Assignment: Using the listing below, set down exactly the lines from the one that contains "Апартаменты на улице Карла Маркса 116А" through the one that contains "Amber Leather - Parfum", with no pictures.

Source records:
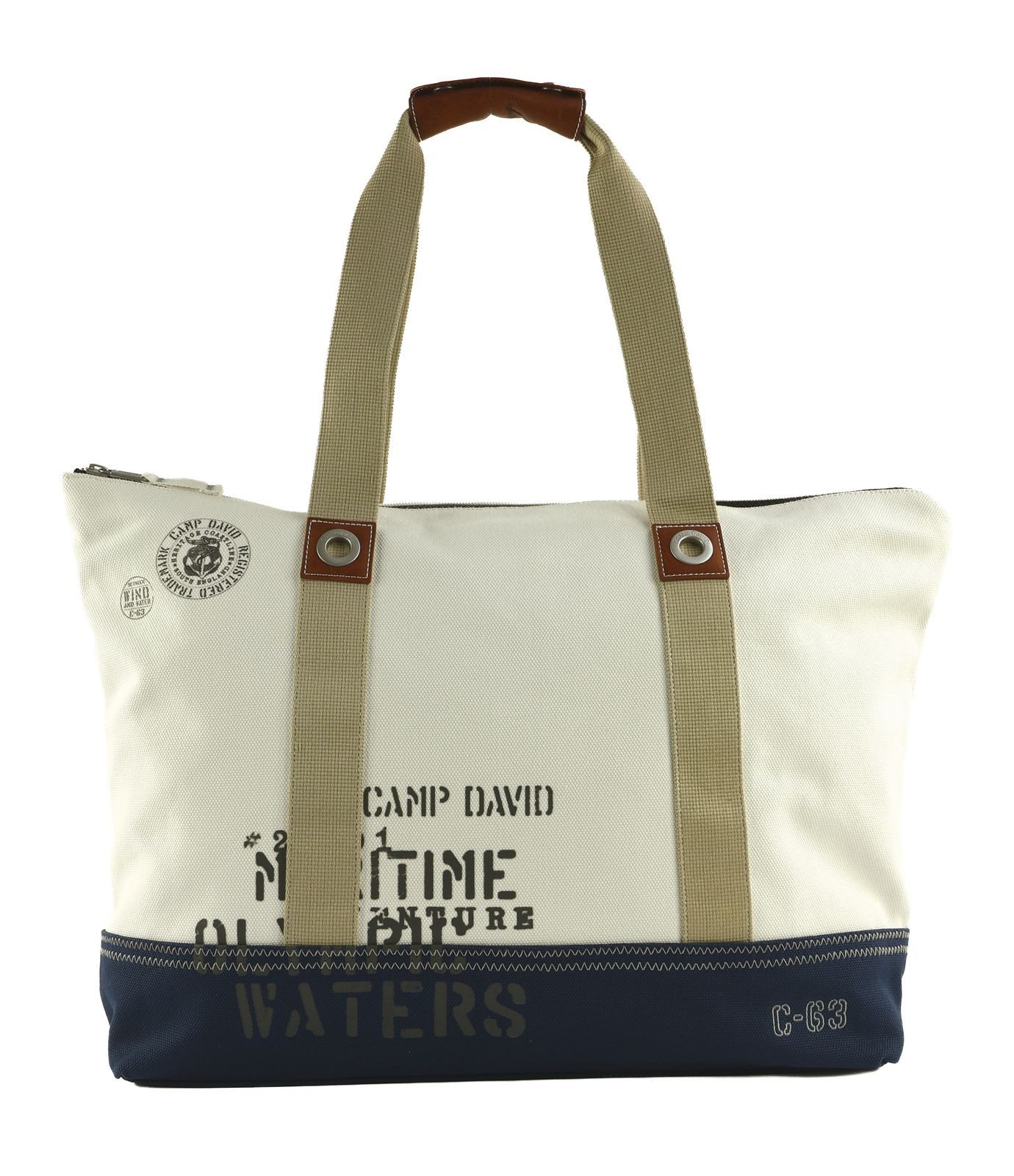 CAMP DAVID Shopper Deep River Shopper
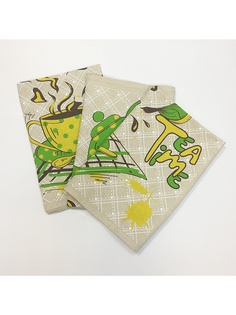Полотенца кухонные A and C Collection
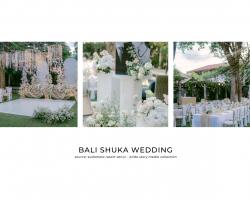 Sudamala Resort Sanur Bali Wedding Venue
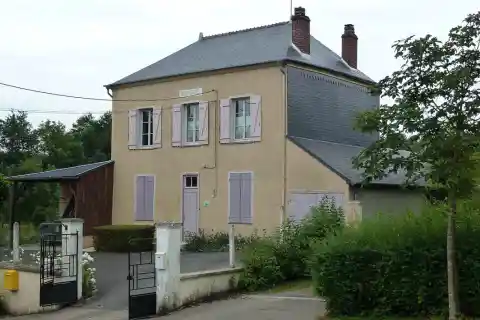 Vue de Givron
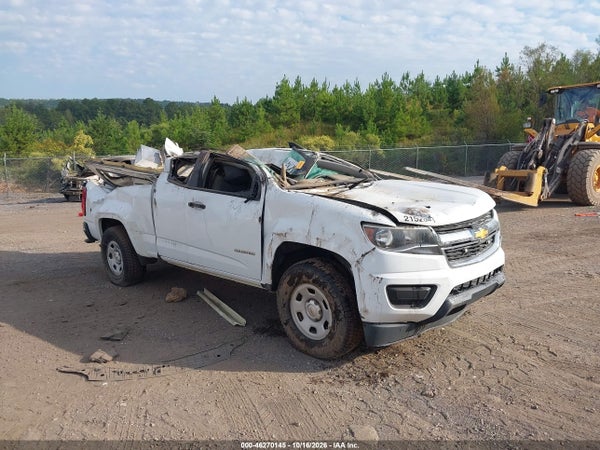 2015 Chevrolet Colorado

==

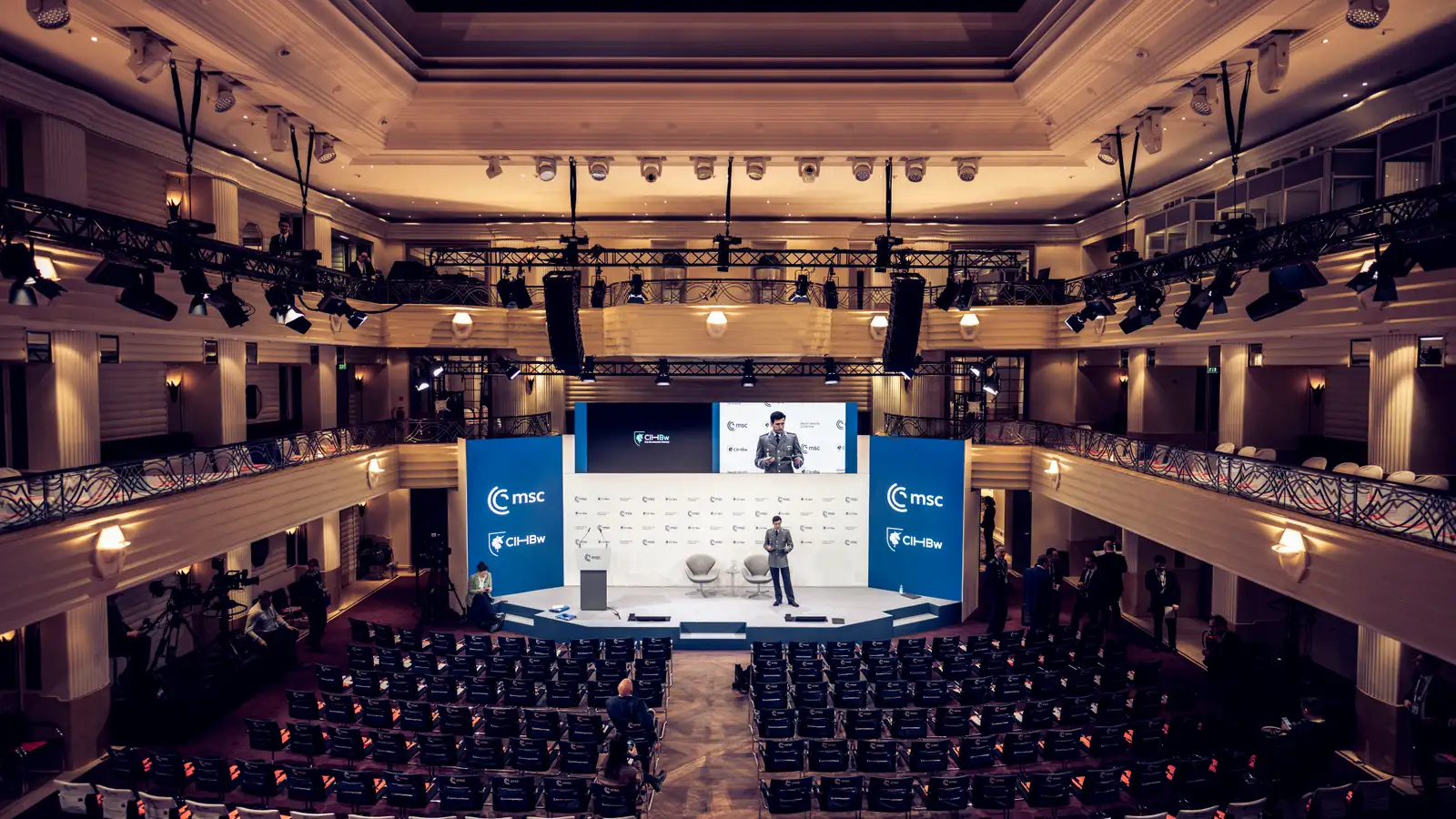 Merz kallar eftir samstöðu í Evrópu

---

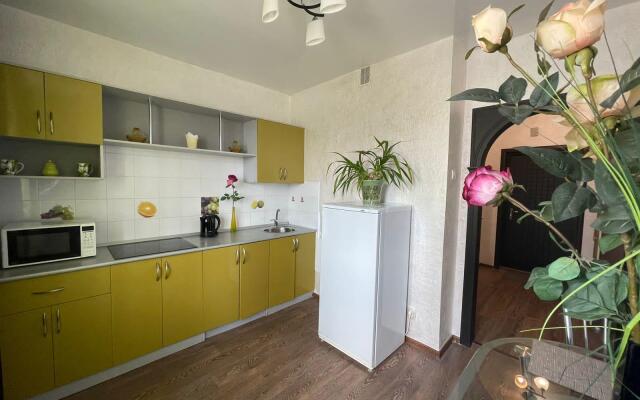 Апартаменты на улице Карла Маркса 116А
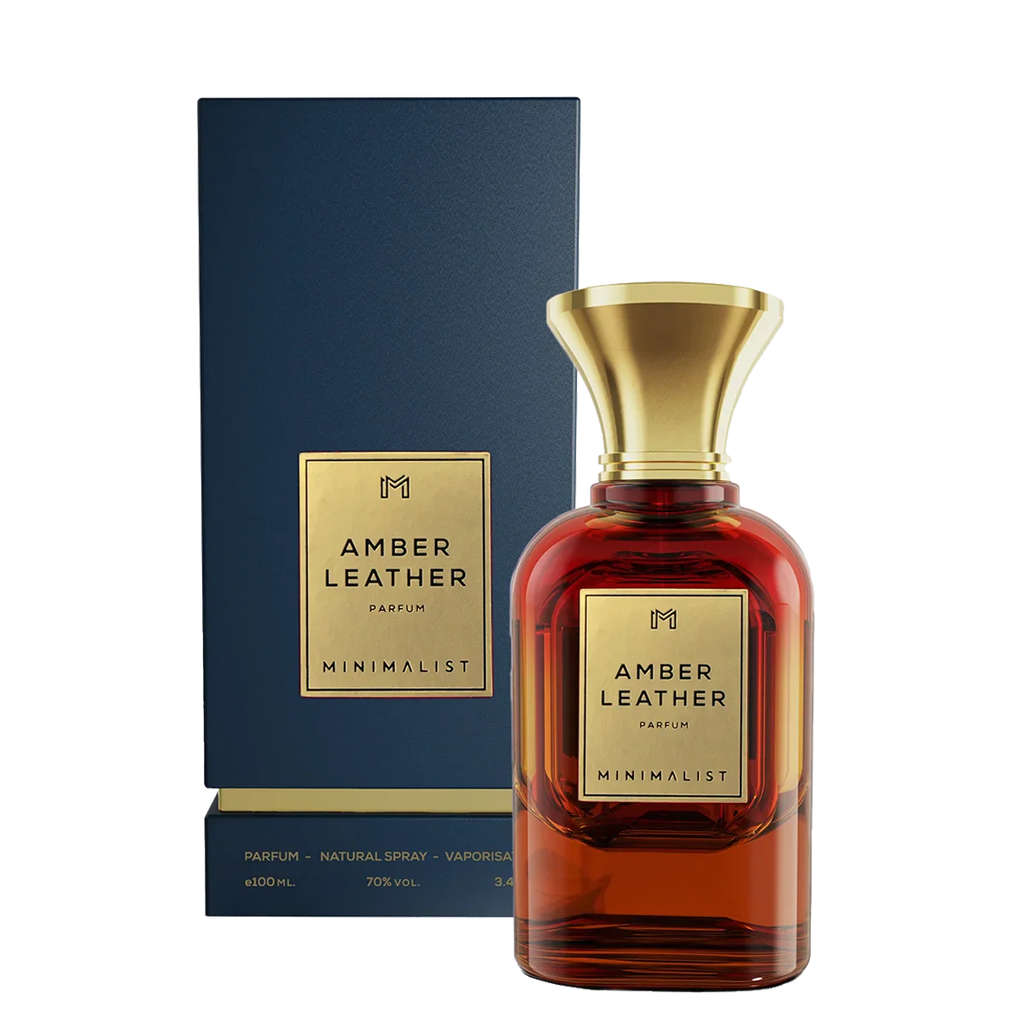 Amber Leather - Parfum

Task result:
 Апартаменты на улице Карла Маркса 116А
 Amber Leather - Parfum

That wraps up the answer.